Au Sénégal, l'Agence de promotion des investissements, le ministère de l'Agriculture et le ministère de l'Intérieur ont tous été favorables à un tel projet. Car, faut-il le rappeler, en haut lieu, le président Macky Sall lui-même a fait de l'autosuffisance en riz son cheval de bataille. C'est pourquoi, Afri Partners Sénégal n'a eu aucun mal à signer une convention avec le gouvernement du Sénégal le 12 janvier 2017.

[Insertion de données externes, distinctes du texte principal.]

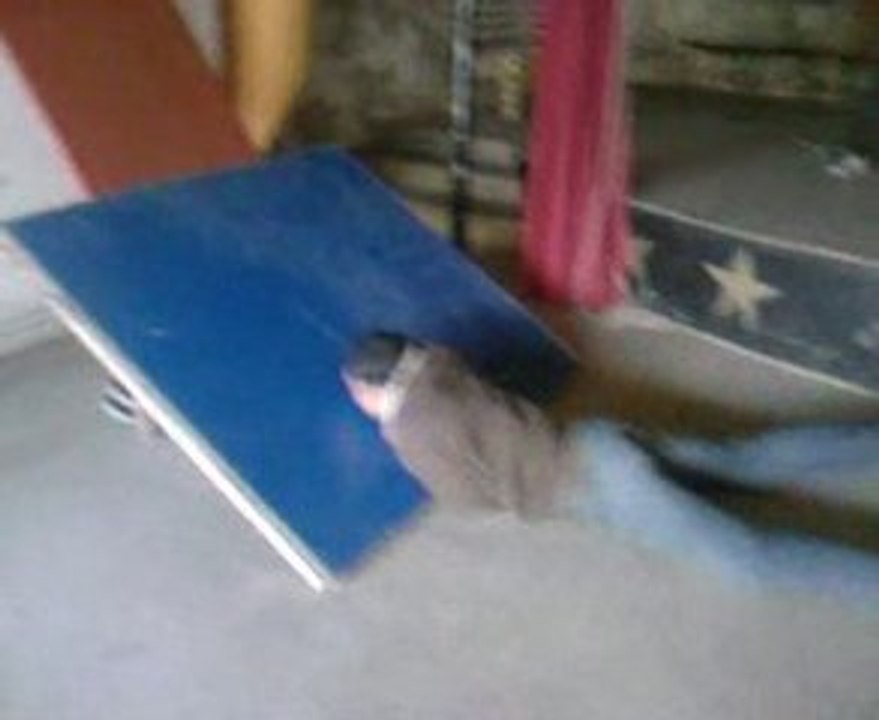Faceplant de youssef en skate ...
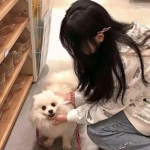 英雄垒复仇破解版下载
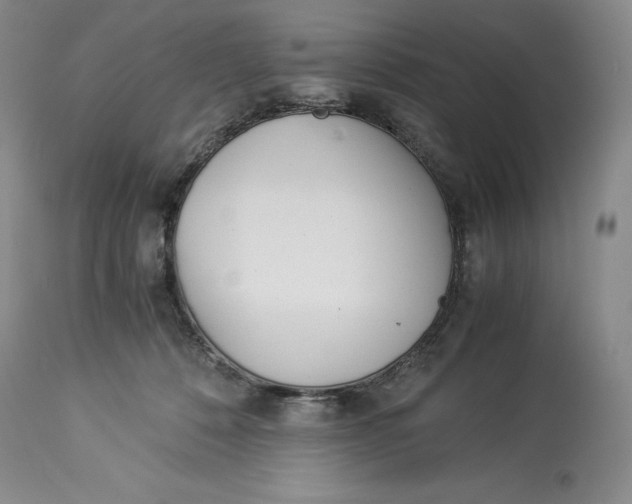 X0000113990320200910231735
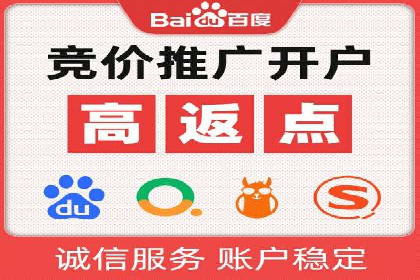 百度优化推广案例：打造行业领先品牌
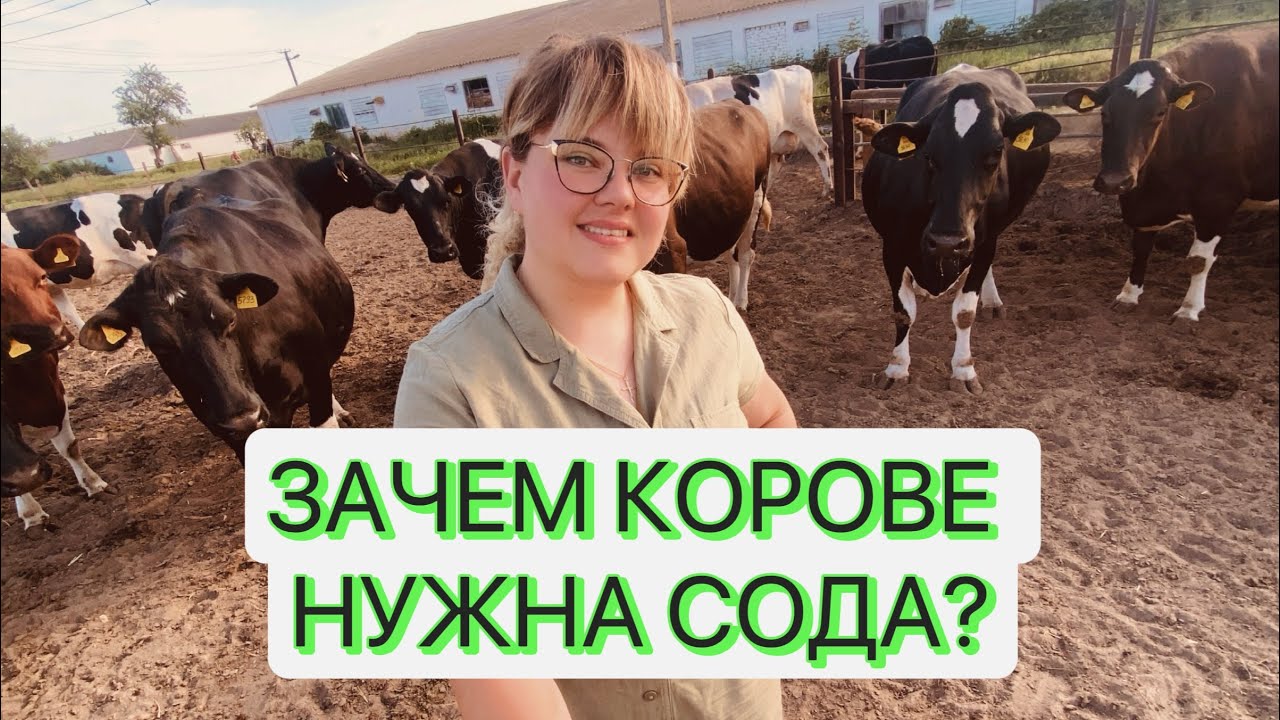 ЗАЧЕМ КОРОВЕ КОРМИТЬ СОДУ? / какой эффект от соды как она влияет на молоко и продуктивность?/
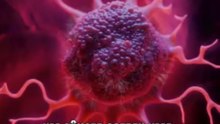A Anomalia Biológica do Lago: O Câncer Parasita que Desafia a Medicina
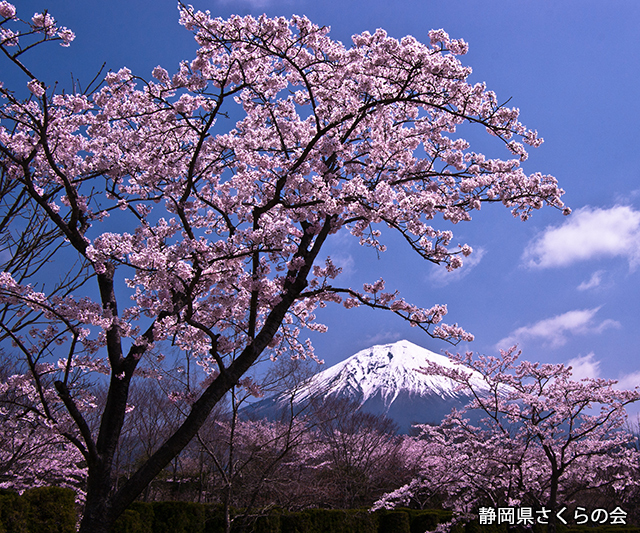 写真：静岡県さくらの会さくらの会写真コンクール平成22年度富士山と桜景観部門準特選「春爛漫」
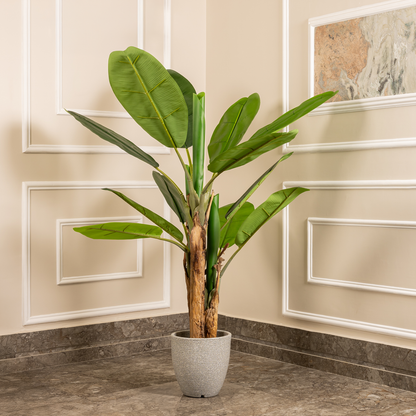 Classic Green Banana Plant Artificial plant - (5.6 Feet) (Natural Feel)
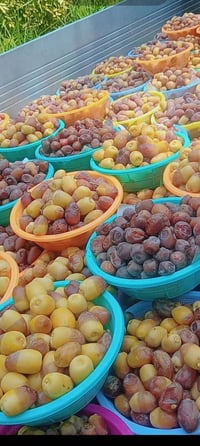 تمر فرش • من البستان • بعد الزيارة
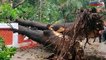 Heavy rains in Bengaluru uproot banyan tree; life thrown out of gear
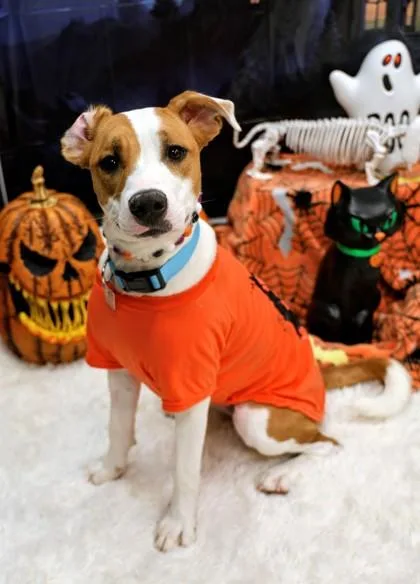 A young medium-sized female Yellow / Tan / Blond / Fawn Mixed Breed dog named Moana for adoption in Hamilton, OH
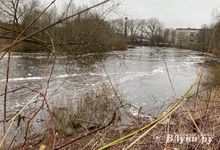 С начала года на водоемах Псковской области погибло 24 человека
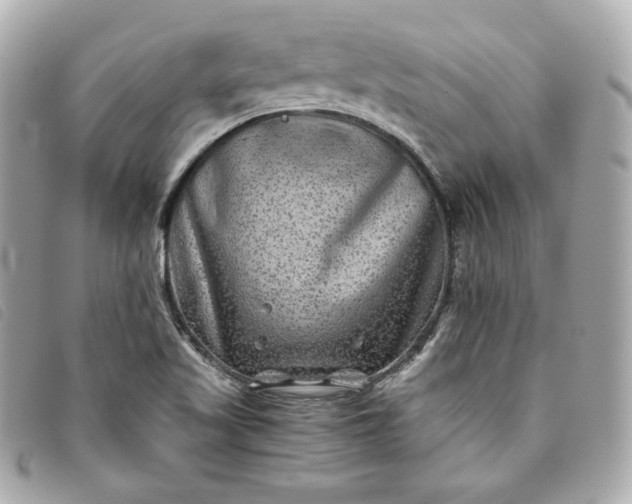 X0000093491509200710261107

La bataille contre la société civile sera rude
Sefrioui a-t-il alors toutes les cartes en main? Pas tout à fait, car il y a bien un précédent. En 2013, le projet Senhuile-Senethanol porté par des investisseurs italiens était attributaire de 20.000 ha de terres dans des conditions similaires, donc respectueuses de la législation sénégalaise en la matière. C'était également dans la région du fleuve Sénégal. Il y a eu une levée de boucliers de la société civile, notamment le Cadre de réflexion et d'action sur le foncier au Sénégal (CRAFS) soutenue par des organisations internationales qui luttent contre l'accaparement des terres. Finalement tout a capoté.
Car, le problème n'est pas seulement l'apport immédiat du projet rizicole, mais l'accaparement des terres durant plusieurs générations, au profit d'un seul investisseur. Cela poussera inexorablement les villageois à changer leur modèle économique et leur mode de vie, voire à chercher simplement de nouvelles terres ailleurs.
De plus, dans le monde rural au Sénégal, les réserves agraires non encore exploitées par les populations sont le seul héritage des générations futures d'agriculteurs. Il y aura donc un réel changement de paradigme. A cela s'ajoute la réalité de la région, où plusieurs terres agricoles servent de parcours pour l'élevage transhumant. Or en octroyant 10.000 ha en un bloc, plusieurs centaines d'éleveurs seront obligés de changer leurs habitudes séculaires de production.
Ce sont là quelques arguments qui seront certainement brandis contre le groupe d'Anas Sefrioui. D'autant que, jusqu'ici, on ne connait Afri Partners dans aucun projet agricole, ni au Sénégal, ni au Maroc d'où est originaire sa maison-mère.